OpenAI rolls out GPT‑5.4 Mini and Nano — tiny models, near‑full performance and razor‑low latency

Fast models for latency‑sensitive work

It has been reported by IT Home (IT之家) and ifeng (凤凰网) that OpenAI announced two new compact variants of its GPT‑5.4 family: GPT‑5.4 mini and GPT‑5.4 nano. The key angle is simple: squeeze down model size without surrendering performance, so developers can run high‑frequency, latency‑sensitive tasks — code assistants, real‑time image inference and UI screenshot parsing — with far lower delay than full‑size models.

GPT‑5.4 mini reportedly outperforms the earlier GPT‑5 mini across code generation, logical reasoning, multimodal understanding and tool use, while delivering more than a 2× speed improvement. On public benchmarks such as SWE‑Bench Pro and OSWorld‑Verified it has already closed much of the gap to the full‑spec GPT‑5.4, the company says. GPT‑5.4 nano is billed as the smallest, cheapest option — a practical upgrade to GPT‑5 nano designed for lightweight tasks such as text classification, data extraction, content ranking and small “subagent” code helpers.

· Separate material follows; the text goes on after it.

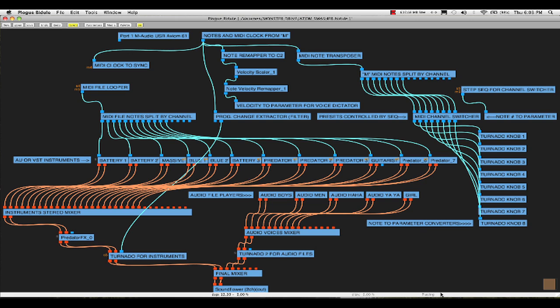To get around that, I decided to make my piece in Logic and save it as a MIDI file. I could then load the MIDI file in Plogue Bidule, and I could have the clock from M driving the synchronization of the MIDI file. And I'm going to show you how to do that.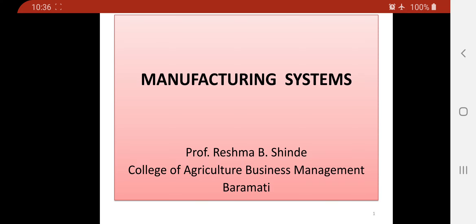Hello students, I am Professor Reshma Shinde. Welcome to our new session of production management planning and control. In today's lecture you are going to learn about manufacturing systems. Up to today's lecture we have completed many topics, and in the previous session we covered layouts and different types of layout. So today we are going to learn manufacturing systems.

Pricing, availability and why it matters

Both models are now generally available: mini is integrated across the API, Codex and ChatGPT; nano is offered via API only. The mini supports a 400k‑token context window with API input/output prices of $0.75 and $4.50 per million tokens respectively; Codex calls consume just 30% of a GPT‑5.4 quota; Free and Go ChatGPT users can access the mini through a “Thinking” feature, it has been reported. Nano’s costs are much lower — roughly $0.20 and $1.25 per million tokens for input and output — aiming to make high‑throughput inference economically viable.

Why does this matter beyond raw benchmarks? Compact, low‑latency models lower the bar for deploying advanced multimodal AI in products where speed and cost matter more than absolute top‑line accuracy. And in a geopolitical climate where export controls and limited access to cutting‑edge accelerators create practical constraints, smaller models can be easier to run on a wider range of cloud and on‑prem hardware. Who benefits most? Developers shipping interactive tools and firms that need fast, inexpensive, reliable inference at scale.